▶ HOW TO COMPLETE THIS TASK: Look below for the line with "Apple iPhone SE 2"; begin the copy there and stop after the line with "Agroturismo Casa Rural Xixa Landetxea", keeping the text exact and the pictures out.

▶ DATA SHOWN:
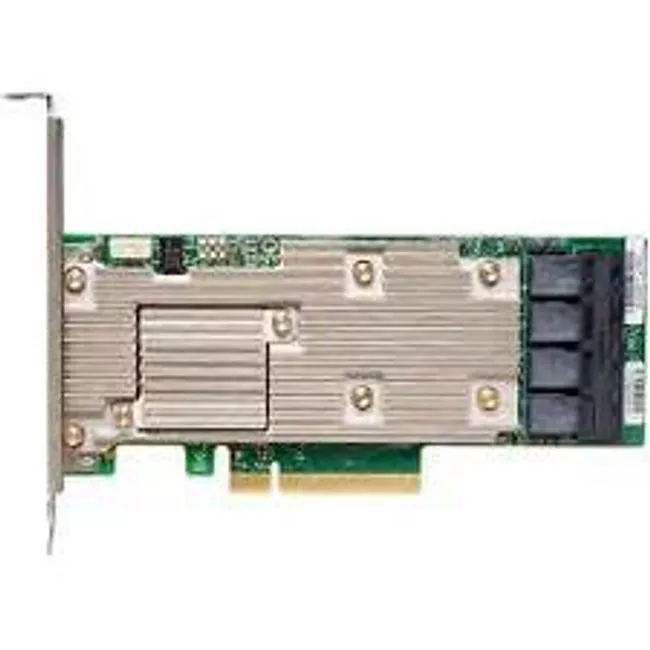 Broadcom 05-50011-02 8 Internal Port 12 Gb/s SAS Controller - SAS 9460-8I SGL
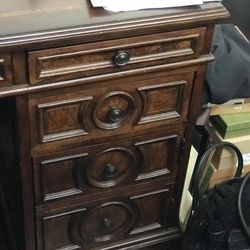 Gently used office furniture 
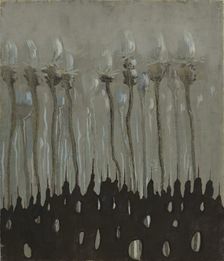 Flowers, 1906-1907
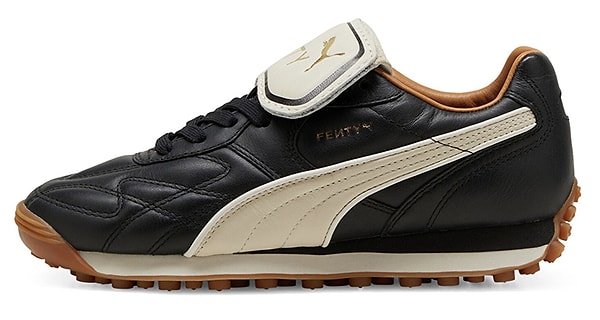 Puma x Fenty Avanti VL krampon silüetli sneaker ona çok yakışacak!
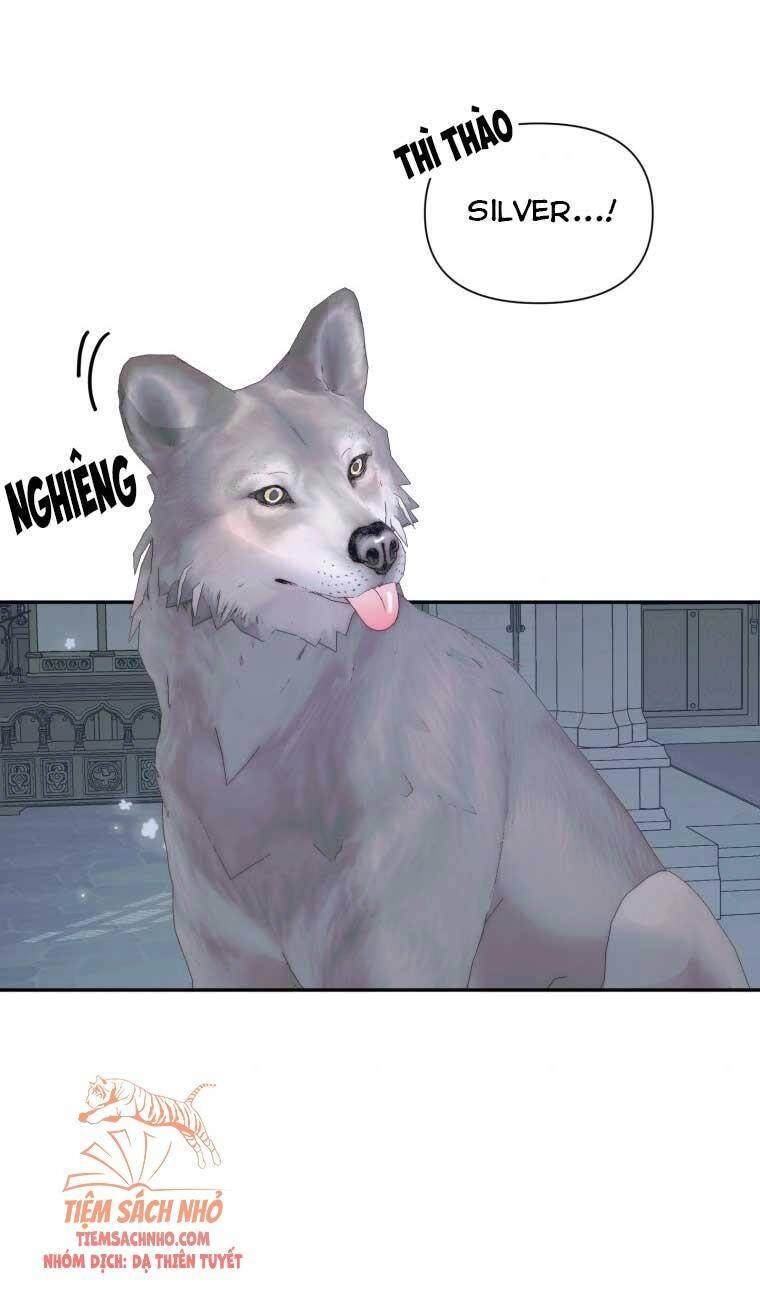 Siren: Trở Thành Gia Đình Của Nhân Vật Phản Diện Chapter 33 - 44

==

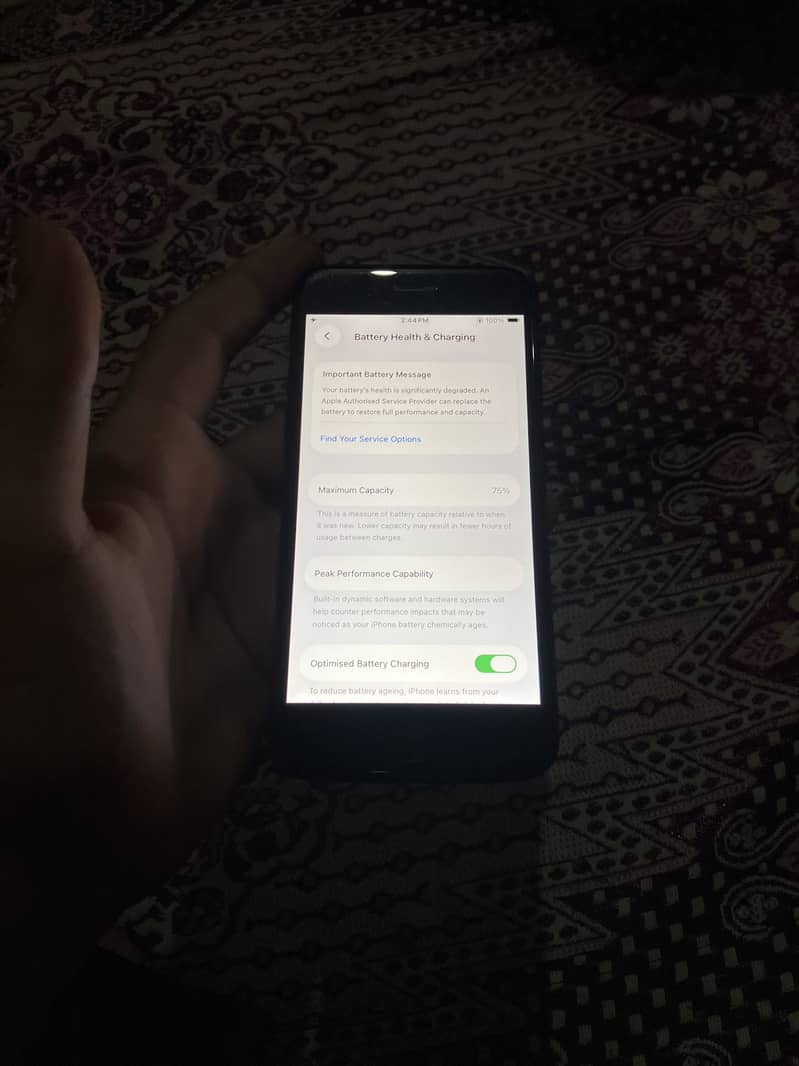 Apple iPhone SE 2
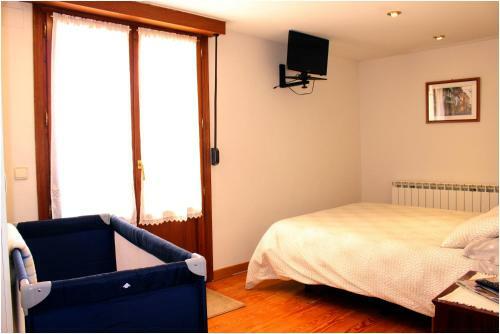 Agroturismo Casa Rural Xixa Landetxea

▶ SOLUTION TO THIS PROBLEM:
 Apple iPhone SE 2
 Agroturismo Casa Rural Xixa Landetxea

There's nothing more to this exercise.